Madagascar: Ambondrombe à travers son lot de légendes

Autour d'Ambondrombe, la colline fianaroise peuplée des esprits des défunts merina, se tissent différentes histoires transmises par la tradition orale, recueillies et publiées par le R.P. Callet dans son Tantara ny Andriana eto Madagascar. Sur cette colline, existe un Rova royal, raconte-t-on. Il est ainsi indiqué que les emplacements géographiques de chaque territoire et de chaque caste tout autour de ce Rova, sont le reflet de ce qui se passe dans le monde des vivants. Il y est aussi question de la joie du défunt roi, Radama Ier, en y accueillant son épouse, Ranavalona Ire.

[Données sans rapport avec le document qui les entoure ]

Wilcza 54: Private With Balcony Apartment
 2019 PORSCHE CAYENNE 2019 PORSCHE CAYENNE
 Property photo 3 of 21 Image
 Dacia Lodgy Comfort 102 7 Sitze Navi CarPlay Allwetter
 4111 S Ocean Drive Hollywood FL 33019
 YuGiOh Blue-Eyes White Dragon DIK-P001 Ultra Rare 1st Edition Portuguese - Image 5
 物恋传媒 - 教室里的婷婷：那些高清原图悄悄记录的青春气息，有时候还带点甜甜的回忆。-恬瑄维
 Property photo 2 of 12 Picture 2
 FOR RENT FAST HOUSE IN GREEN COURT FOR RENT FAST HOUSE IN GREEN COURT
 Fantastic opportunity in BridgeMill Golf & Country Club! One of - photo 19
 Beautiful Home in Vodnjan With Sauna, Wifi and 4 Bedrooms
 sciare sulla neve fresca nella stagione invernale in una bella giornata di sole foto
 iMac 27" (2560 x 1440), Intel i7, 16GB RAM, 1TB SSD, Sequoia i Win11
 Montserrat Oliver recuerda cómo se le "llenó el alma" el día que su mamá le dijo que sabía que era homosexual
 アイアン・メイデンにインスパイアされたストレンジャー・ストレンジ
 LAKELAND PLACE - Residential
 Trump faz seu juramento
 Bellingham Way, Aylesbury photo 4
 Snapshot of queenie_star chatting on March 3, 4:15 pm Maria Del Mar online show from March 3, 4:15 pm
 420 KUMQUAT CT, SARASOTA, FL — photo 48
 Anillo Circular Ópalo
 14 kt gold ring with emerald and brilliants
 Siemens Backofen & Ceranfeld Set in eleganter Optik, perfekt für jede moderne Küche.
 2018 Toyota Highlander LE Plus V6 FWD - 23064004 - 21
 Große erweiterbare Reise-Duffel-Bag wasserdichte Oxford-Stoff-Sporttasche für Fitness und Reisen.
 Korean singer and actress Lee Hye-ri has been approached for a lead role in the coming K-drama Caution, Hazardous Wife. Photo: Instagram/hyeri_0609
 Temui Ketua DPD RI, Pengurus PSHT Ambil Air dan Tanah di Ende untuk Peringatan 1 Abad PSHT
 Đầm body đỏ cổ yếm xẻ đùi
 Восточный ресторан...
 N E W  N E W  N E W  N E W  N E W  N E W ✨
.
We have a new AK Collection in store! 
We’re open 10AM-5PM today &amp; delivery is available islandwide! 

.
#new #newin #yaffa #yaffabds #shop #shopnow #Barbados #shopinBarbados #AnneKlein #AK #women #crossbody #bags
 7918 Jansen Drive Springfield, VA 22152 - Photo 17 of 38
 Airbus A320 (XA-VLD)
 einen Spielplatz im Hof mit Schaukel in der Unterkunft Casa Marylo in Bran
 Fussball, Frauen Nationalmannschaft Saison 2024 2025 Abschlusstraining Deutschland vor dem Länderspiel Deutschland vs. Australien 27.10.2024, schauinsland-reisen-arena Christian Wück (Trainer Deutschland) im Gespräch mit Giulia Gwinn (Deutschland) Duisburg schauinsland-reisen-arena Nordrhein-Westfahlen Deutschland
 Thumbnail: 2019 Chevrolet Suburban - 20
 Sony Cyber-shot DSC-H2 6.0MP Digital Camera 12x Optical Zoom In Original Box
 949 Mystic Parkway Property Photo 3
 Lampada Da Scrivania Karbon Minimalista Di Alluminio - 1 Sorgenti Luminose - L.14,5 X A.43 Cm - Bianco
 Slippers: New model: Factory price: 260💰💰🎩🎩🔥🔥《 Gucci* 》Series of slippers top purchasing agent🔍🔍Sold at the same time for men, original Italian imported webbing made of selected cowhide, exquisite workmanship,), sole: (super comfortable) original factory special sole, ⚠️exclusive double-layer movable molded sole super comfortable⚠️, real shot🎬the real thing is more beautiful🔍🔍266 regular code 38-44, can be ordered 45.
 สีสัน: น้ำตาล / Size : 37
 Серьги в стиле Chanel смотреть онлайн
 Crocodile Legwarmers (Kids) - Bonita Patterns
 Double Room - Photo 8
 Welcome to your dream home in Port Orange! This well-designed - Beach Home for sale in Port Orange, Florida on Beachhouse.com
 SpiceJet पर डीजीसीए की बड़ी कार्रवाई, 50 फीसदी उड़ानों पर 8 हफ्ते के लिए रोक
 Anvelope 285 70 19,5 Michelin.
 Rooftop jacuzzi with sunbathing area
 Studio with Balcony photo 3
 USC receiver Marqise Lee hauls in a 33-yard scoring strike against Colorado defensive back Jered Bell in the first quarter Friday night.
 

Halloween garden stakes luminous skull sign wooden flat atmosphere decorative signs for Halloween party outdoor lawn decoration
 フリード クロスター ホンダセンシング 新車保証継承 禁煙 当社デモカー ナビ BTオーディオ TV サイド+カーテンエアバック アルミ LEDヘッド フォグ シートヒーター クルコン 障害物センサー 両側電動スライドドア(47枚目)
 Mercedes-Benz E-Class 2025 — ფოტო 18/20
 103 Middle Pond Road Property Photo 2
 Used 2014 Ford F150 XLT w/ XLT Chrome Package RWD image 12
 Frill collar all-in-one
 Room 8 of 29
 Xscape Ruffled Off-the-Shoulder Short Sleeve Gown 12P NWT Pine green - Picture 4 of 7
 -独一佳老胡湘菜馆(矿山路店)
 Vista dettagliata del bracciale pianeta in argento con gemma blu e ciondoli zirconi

Mais aussi de la tristesse de celle-ci en voyant son fils, Radama II, prier le Dieu chrétien. Déception si grande qu'elle serait même revenue dans la capitale pour le chercher (c'est-à-dire l'emporter dans la mort). Car, elle lui aurait donné rendez-vous à Mahamasina, pour le tancer, mais comme il refuse de renier la foi chrétienne, elle l'entraine avec elle. D'autres histoires se répandent du vivant de cette souveraine. Par quatre fois, dit-on, son armée campe près d'Ambondrombe.

La première fois, en entendant des coups de canon et de fusils, des bruits de tambour... provenant de la colline, les chefs de l'expédition envoient des émissaires pour scruter la forêt d'où « se fait entendre tout ce tintamarre ». De loin, ils voient des soldats en plein défilé, vêtus tout de rouge. Au centre des personnalités s'abritent sous des parapluies, également de couleur écarlate. Des deux côtés du défilé, tout un peuple les acclame. Mais quand les émissaires se rapprochent du centre de la forêt, tout disparaît.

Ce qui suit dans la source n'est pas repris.